Yesterday, we reported how Jack White slammed Guinness World Records as an “elitist organisation” over their decision to snub his submitted record for ‘World’s Shortest Concert.’
In the same Interview article that he told Buzz Aldrin he wanted to play the first vinyl record in space, White discussed how back in his White Stripes days, he and Meg attempted to set the record for ‘World’s Shortest Concert’ at a show in Newfoundland, Canada in 2007 where they played a single note.
When they contacted Guinness to confirm their achievement however, “they turned us down” confirmed White.
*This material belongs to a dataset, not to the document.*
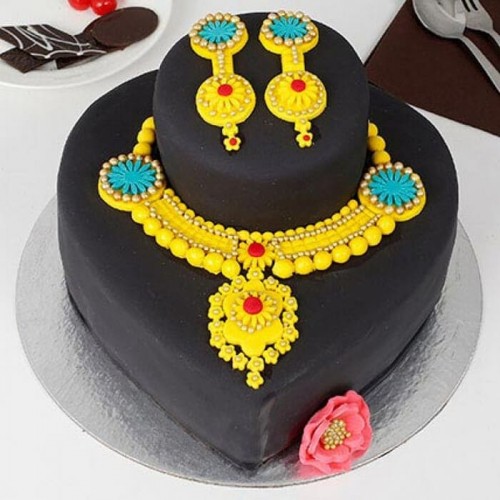 Gold Jewelry Set Designer Fondant Cake Delivery in Gurugram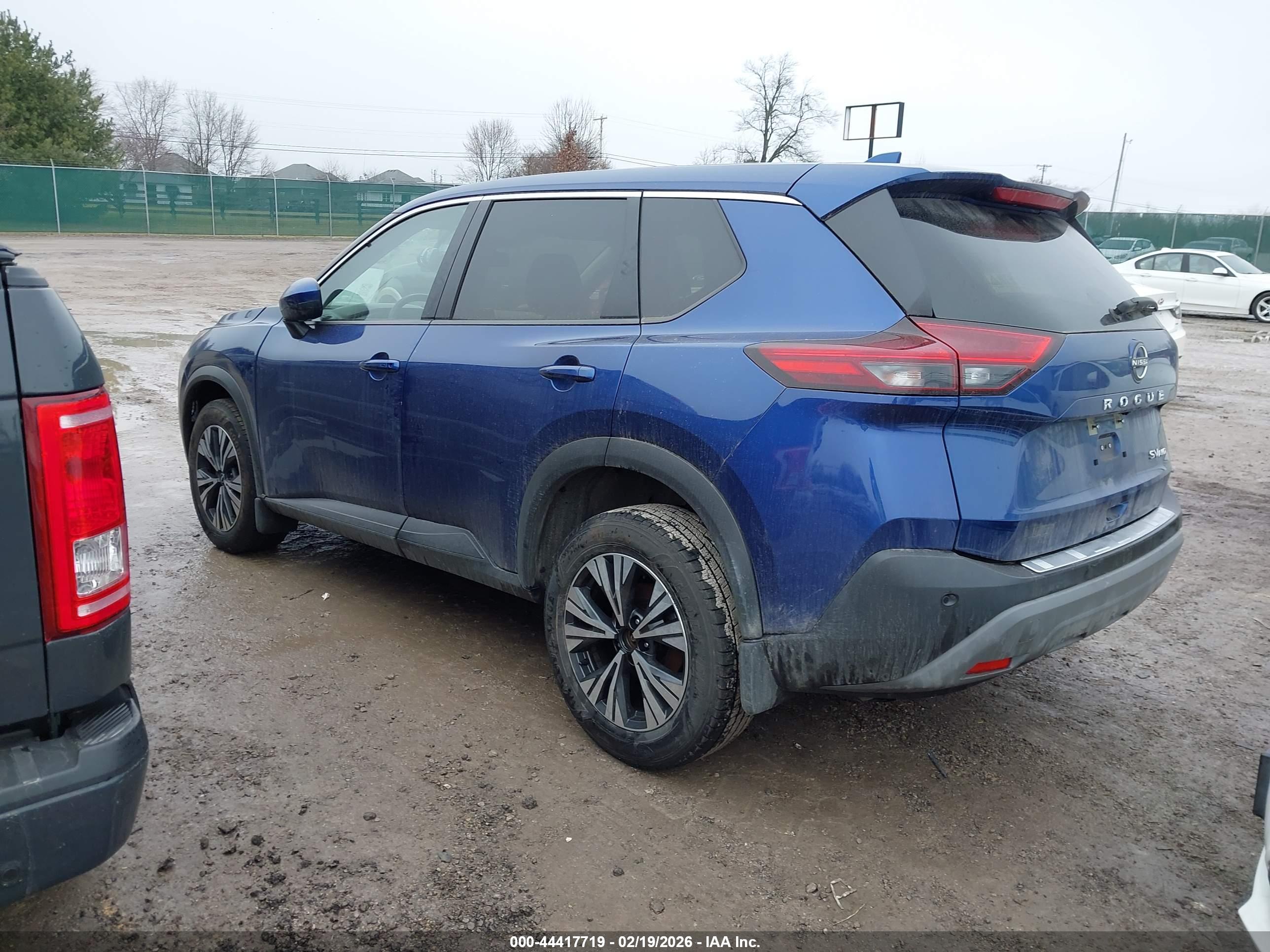 NISSAN ROGUE image 3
Today, Guinness World Records representatives told the UK”s NME that in fact, they didn’t.
“The White Stripes were in fact recognized in the 2009 edition of the Guinness World Records book for the shortest music concert ever when, on July 16 2007, they played just one note at St John’s in Newfoundland, Canada” reports the official records body.
But following a torrent of submissions attempting to trump the record became ‘overly trivialised,’ they subsequently withdraw all categories, including similar attempts at shortest concert, shortest song and shortest performance.
“We received a large volume of applications from bands and performers seeking to beat this record,” said a spokesperson for Guinness, “we got an influx of individuals claiming that simply appearing on stage was enough to qualify them for this record.”
They rebuffed White’s comments of ‘elitism,’ instead stating it had more to do with how Guinness were to qualify what constituted a performance or concert.
“It became increasingly difficult for us to measure this objectively” they added. “The nature of competing to make something the ‘shortest’ by its very nature trivializes the activity being carried out, and Guinness World Records has been forced to reject many claims of this kind.”
“As such, we have closed record categories for similar designations such as the shortest song, shortest poem, and also the record of shortest concert currently in question.”
In a potential peace offering to White, the organisation were quick to add an official statement of praise to the Blunderbuss rockstar, “many of us at Guinness World Records are enormous admirers of Mr White’s oeuvre; and we would be extremely pleased if he were to attempt any of the 40,000 records that are currently active on our database. ”
Perhaps White should take them up on their offer with his secret Third Man project “to have the first vinyl record played in outer space,” and knowing Mr. White’s penchant for the uniquely bizarre, we’re pretty sure he will.